» Task brief:
Below is a listing to repeat exactly, with its pictures left out.

** Recorded data follows **

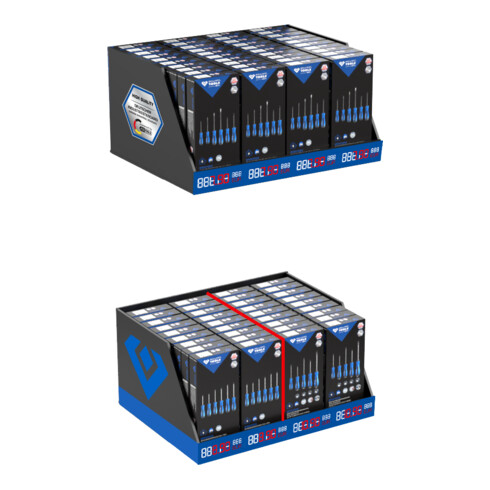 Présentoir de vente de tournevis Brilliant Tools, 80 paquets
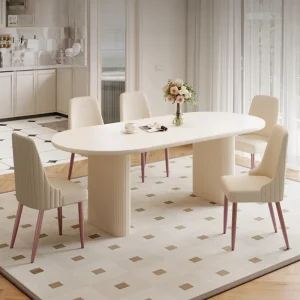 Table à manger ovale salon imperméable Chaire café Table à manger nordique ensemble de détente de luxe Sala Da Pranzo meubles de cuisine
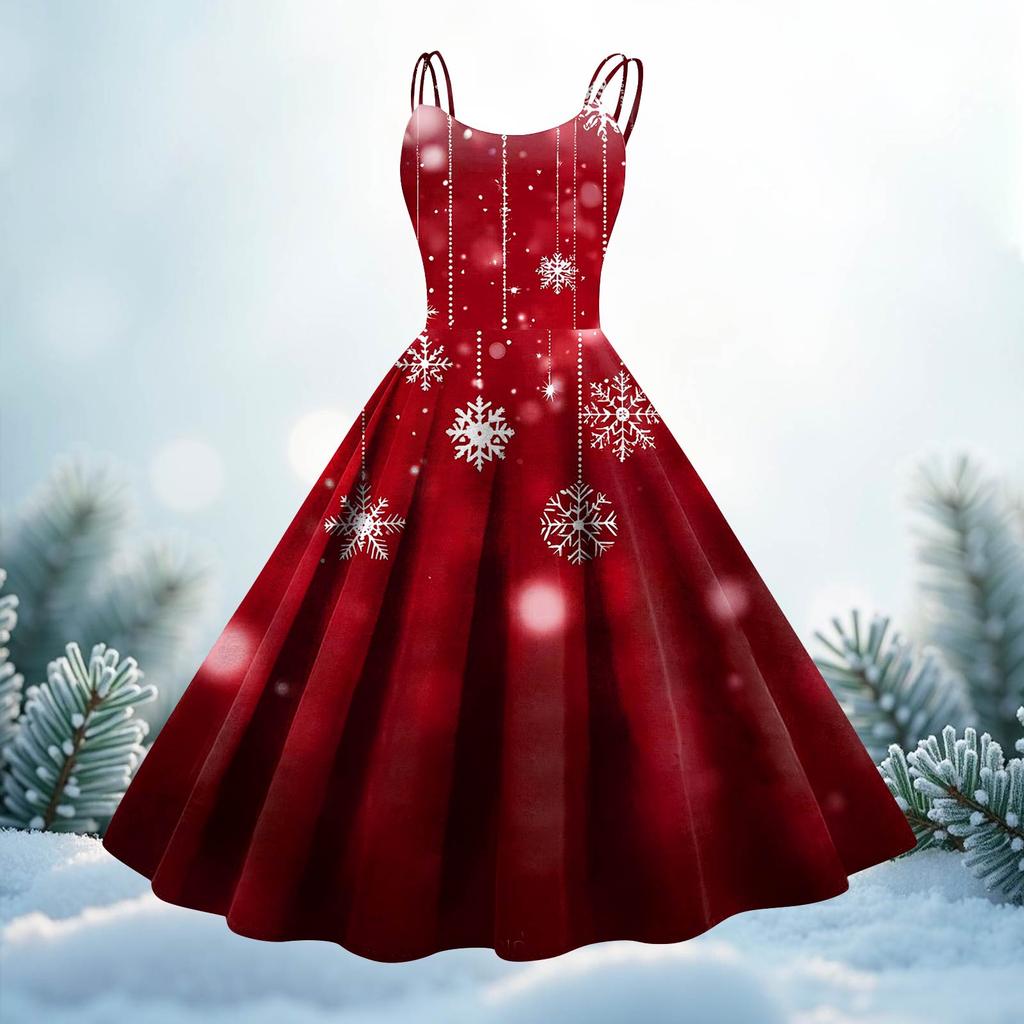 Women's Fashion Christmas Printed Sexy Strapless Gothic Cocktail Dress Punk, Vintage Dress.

** End of Recorded data **

» Output for this exercise:
 Présentoir de vente de tournevis Brilliant Tools, 80 paquets
 Table à manger ovale salon imperméable Chaire café Table à manger nordique ensemble de détente de luxe Sala Da Pranzo meubles de cuisine
 Women's Fashion Christmas Printed Sexy Strapless Gothic Cocktail Dress Punk, Vintage Dress.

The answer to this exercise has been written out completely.